Photo: iStock/Aleksandra Tokarz
While the focus on the impact on shipping of the Israel-U.S. war on Iran has mostly been on oil and LNG tanker traffic, there are significant effects on containership trade, even far away from the area, say analysts.
Judah Levine, Head of Research at online freight shipping marketplace Freightos, said in a March 17 statement that container carriers initially suspended all service to the Persian Gulf. But now, carriers including CMA CGM and Maersk are accepting new bookings by diverting volumes to alternative accessible ports in the region – including ports in Oman, UAE and Saudi Arabia – with containers moving on by landbridge.

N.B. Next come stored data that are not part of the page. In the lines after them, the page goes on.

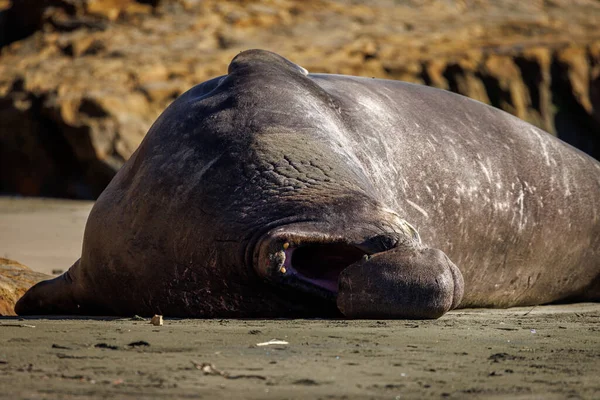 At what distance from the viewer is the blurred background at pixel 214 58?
47.1 feet

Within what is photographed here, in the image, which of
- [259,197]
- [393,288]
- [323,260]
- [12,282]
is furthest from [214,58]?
[393,288]

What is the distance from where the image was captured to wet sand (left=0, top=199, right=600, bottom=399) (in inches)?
94.4

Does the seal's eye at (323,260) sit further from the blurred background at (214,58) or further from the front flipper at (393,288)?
the blurred background at (214,58)

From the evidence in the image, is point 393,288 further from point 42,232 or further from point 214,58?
point 214,58

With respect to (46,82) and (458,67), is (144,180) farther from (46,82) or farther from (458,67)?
(458,67)

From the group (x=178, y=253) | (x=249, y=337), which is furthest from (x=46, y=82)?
(x=249, y=337)

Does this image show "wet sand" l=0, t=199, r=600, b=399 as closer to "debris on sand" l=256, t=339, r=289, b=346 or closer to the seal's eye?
"debris on sand" l=256, t=339, r=289, b=346

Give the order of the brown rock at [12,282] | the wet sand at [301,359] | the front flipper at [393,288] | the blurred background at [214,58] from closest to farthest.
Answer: the wet sand at [301,359], the front flipper at [393,288], the brown rock at [12,282], the blurred background at [214,58]

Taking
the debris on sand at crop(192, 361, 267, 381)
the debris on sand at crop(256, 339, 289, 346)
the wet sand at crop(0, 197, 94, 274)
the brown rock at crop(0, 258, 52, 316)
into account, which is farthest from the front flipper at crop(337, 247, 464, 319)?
the wet sand at crop(0, 197, 94, 274)

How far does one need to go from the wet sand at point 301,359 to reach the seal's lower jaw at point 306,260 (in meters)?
0.19

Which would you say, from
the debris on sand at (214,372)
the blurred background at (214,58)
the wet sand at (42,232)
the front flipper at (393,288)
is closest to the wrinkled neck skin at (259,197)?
the front flipper at (393,288)

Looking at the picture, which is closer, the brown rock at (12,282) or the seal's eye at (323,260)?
the seal's eye at (323,260)

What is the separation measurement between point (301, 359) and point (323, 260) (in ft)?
4.26

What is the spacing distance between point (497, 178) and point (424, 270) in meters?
1.81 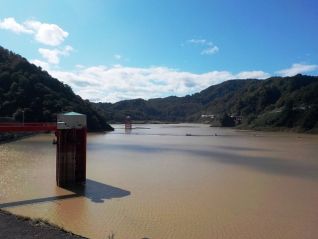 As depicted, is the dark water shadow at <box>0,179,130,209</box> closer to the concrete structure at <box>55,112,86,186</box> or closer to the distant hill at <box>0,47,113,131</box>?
the concrete structure at <box>55,112,86,186</box>

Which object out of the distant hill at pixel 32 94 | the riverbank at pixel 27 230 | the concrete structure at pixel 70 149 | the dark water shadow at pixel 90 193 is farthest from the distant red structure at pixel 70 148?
the distant hill at pixel 32 94

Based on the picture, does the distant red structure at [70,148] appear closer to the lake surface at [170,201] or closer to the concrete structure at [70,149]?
the concrete structure at [70,149]

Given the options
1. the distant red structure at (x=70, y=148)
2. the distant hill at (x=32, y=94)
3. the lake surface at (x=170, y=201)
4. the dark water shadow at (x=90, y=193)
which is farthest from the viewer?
the distant hill at (x=32, y=94)

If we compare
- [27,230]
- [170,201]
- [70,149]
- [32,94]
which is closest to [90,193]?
[70,149]

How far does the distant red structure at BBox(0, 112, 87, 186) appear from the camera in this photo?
818 inches

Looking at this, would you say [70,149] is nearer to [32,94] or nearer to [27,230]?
[27,230]

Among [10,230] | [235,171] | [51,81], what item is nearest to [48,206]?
[10,230]

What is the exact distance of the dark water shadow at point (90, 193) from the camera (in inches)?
661

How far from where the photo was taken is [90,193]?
19.0 m

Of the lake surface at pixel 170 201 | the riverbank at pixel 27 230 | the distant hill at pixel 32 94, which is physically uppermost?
the distant hill at pixel 32 94

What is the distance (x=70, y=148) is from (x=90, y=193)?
3.28 metres

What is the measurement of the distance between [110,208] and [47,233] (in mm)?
6764

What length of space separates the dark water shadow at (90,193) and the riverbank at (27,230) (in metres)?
5.75

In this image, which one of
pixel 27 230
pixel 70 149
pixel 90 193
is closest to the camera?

Levine said carriers are also relying heavily on ports in India with new shuttle services ferrying containers to those accessible Middle East ports – though even some of these, like UAE’s Fujairah (pictured) are now being directly targeted by Iran.
Congestion is already building at these alternative ports as well as in India, with reports that the Port of Colombo in Sri Lanka is declining to absorb Gulf-bound volumes because of pre-existing congestion.
Meanwhile, carriers are headed for tussles with customers over increased rates, with Karin Ström, VP at procurement and supply chain consultancy Proxima, urging shippers to “push back firmly and ensure pricing reflects actual risk, not opportunism.”
“Ocean freight rates have increased mainly out of China, linked in part to China’s role as a key buyer of Iranian oil in recent years. With Iran restricted in who it can sell to, China benefited from heavily discounted volumes, and any disruption or heightened risk in these flows is now feeding into Chinese export pricing and capacity dynamics,” said Ström in a March 10 statement. “By contrast, ocean lanes between Europe, the U.S. and Latin America remain largely unaffected for now.”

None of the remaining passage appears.